Thoughts on reading the October CPI

Here is what we know about the October consumer price index (CPI). The overall index declined at an annualized rate of about 11 percent for the month—it’s sharpest fall since 1947. A plunge in gasoline prices played a big part in the decline, but that isn’t the whole story. The traditional “core” CPI, which excludes food and energy prices, also declined in October (at an annualized rate of about 1 percent). This is the first decline in the core CPI since 1982.

Let me offer an opinion on what may be behind these numbers. The drop-off in consumer prices seems to have been prompted by a number of factors, including some pass-through from sharply lower commodity prices, a stronger dollar (which makes import prices cheaper), and very soft consumer spending.

But here’s what I don’t know. Is the October CPI a sign of “deflation"? (and it would appear that many of you are interested in finding an answer to this question). Before you answer the question for me, consider the following: In order to be “deflation” the decline in prices has to be sustained and broadly based. And I’m not sure I can give you much guidance on how long the decline must be in order for it to qualify as sustained, and I sure can’t tell you how broadly-based a general decline in prices is. Consider the distribution of CPI component price changes in figure 1. About one-third of the prices in the CPI market basket declined last month, which is a fairly large percentage of the index. On the other hand, about one-third of the price index was rising in excess of 3 percent last month.

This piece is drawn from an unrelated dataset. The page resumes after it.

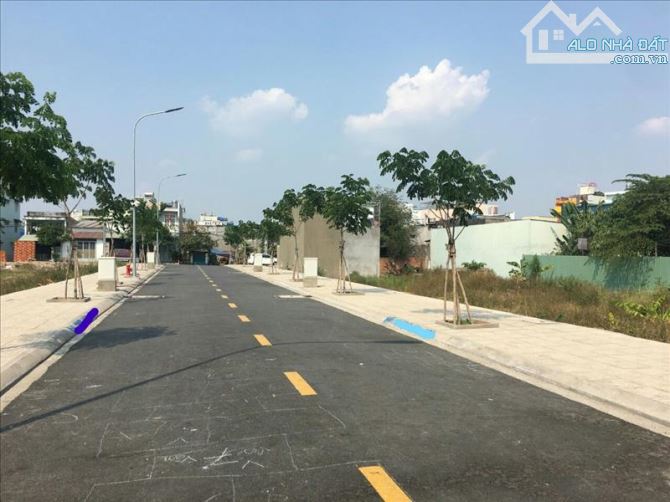 ĐẤT NỀN KHU ĐÔ THỊ SÂN BAY LONG THÀNH GIÁ 10TR/M2, DÂN CƯ HIỆN HỮU, SỔ RIÊNG TỪNG NỀN - 3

Distribution of October CPI Component Price Changes

One of the things I like to consider when thinking about how “sustainable” and “general” the monthly CPI data are is to consider the behavior of the trimmed-mean estimators of the CPI. A trimmed-mean estimator is the weighted average of the CPI after some proportion of the extreme values of the index are “trimmed” away. The idea of the trimmed-mean estimator is that extreme price changes are not representative of prices in general. Moreover, there is ample evidence that the more extreme the price change, the less sustained it is likely to be.

We can trim any proportion of the data away. In fact, we can trim it all away such that only the median price change remains (this is the Cleveland Fed’s median CPI series.) Consider figure 2, which shows all the various trimmed mean estimators of the October CPI data, from a CPI that trims very little of the index to one that trims away most of the index. How much trimming provides the best perspective from which to judge how sustainable and general the monthly price data are? In the past, I’ve argued that two indicators stand out, the 16 percent trimmed-mean CPI (trimming 8 percent of the most extreme highs and 8 percent of the most extreme lows from the data) and the median CPI. I’ve highlighted these values in figure 2. While the overall CPI posted a sharp decline, the 16 percent trimmed-mean CPI posted a rather slight 0.6 percent decline, and the median CPI rose 1.8 percent.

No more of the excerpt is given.